In the meantime, however, Handel had essayed another form of composition then popular in Germany—the passion oratorio. The Lutheran church had adopted from the Catholic the practice of reciting the history of the passion at vespers during holy week. This had given an opportunity to composers for a peculiarly profound religious expression in music. Heinrich Schütz must be named as the chief representative of passion music before Bach, though nearly sixty works of similar character have been preserved to us from before his time. The narrative was divided into three parts representing Christ, the Evangelist, and the people, which originally had been sung in chorus, but, with the rise of monody, the first two were chanted by single voices.
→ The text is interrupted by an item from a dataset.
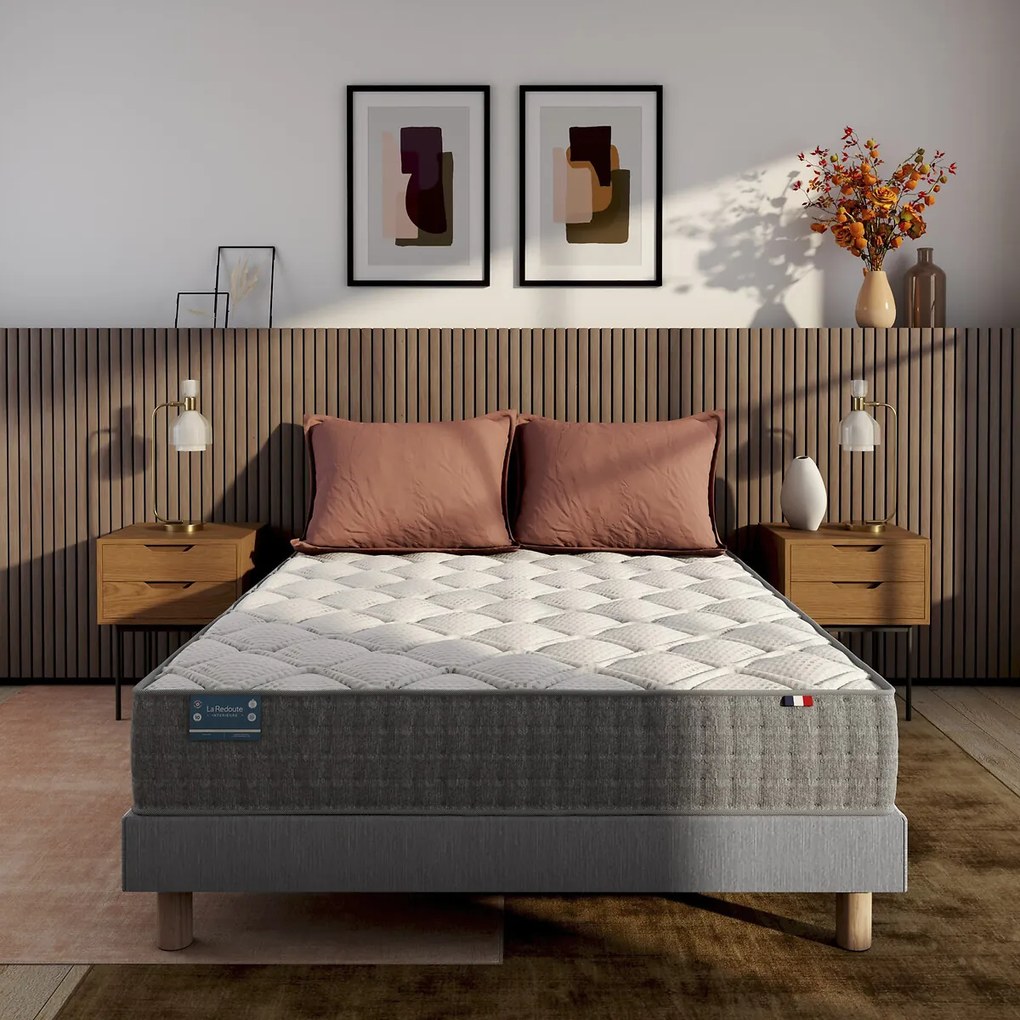 5-zone latex matras H20cm + bodemset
Except a few introductory words, the entire text was made up of scriptural narrative, but later the beautiful chorale tunes sung by the Lutheran congregation were interspersed by way of reflective comment. This all became so fast-bound a convention that when Keiser produced his passion set to the words of Menantes at Hamburg in 1704 the church censured him severely for omitting the chorale element. Entirely original music had been used for the passion service, however, as early as 1672 by Sebastiani.
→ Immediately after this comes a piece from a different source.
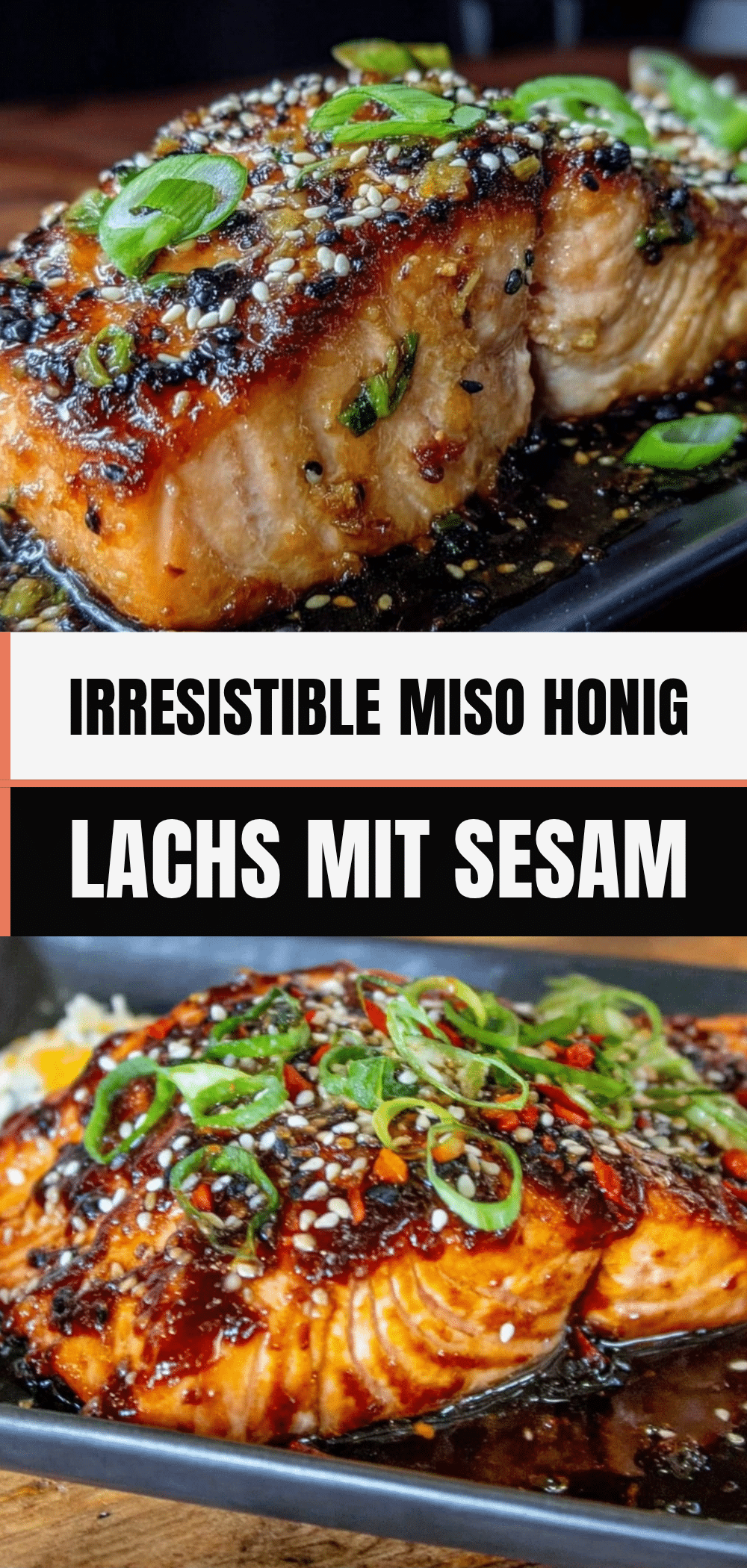 Miso-Honig Lachs: Perfekt & Zart in 20 Min 5 Miso-Honig Lachs recipe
Handel’s Ein kleines Passions-Oratorium, composed in 1704, was arranged from the Gospel of St. John, into which he introduced contemplative airs, instead of chorales. The chorus is mostly in five parts; the part of Pilate is taken by an alto, Christ by a tenor, and the Evangelist by a bass. He introduces a more elaborate accompaniment for the dramatically heightened ecce homo passage, while the biblical speeches are set in aria form. There are also duets, and a fugato chorus is sung by the soldiers casting lots for the vestment. The passion poems written by Brockes about this time were set to music no less than thirty times between 1712 and 1727 and among the most important of these is one by Handel written in 1716 while in attendance upon the elector at Hanover, to which we shall recur later. Suffice it to say that with every new work, such as Keiser’s, the dramatic element becomes more prominent. The meditative portions are now allotted to a definite character, such as ‘Daughter of Zion,’ or a ‘Faithful Soul,’ to be superseded still later by Mary Magdalen, the Disciple, the Virgin, etc. It may be said, then, to approach more nearly to the form of the oratorio, which, as we have seen in a previous chapter, had been cultivated in Italy by Carissimi and his followers. There, however, it had so nearly developed into the prevailing operatic form that it was distinguished from it only by the lack of scenery. The chorus, after being reduced to mere fragments, finally disappeared as it had done in the opera. These were the materials from which Handel’s genius was later to evolve virtually a new form of art.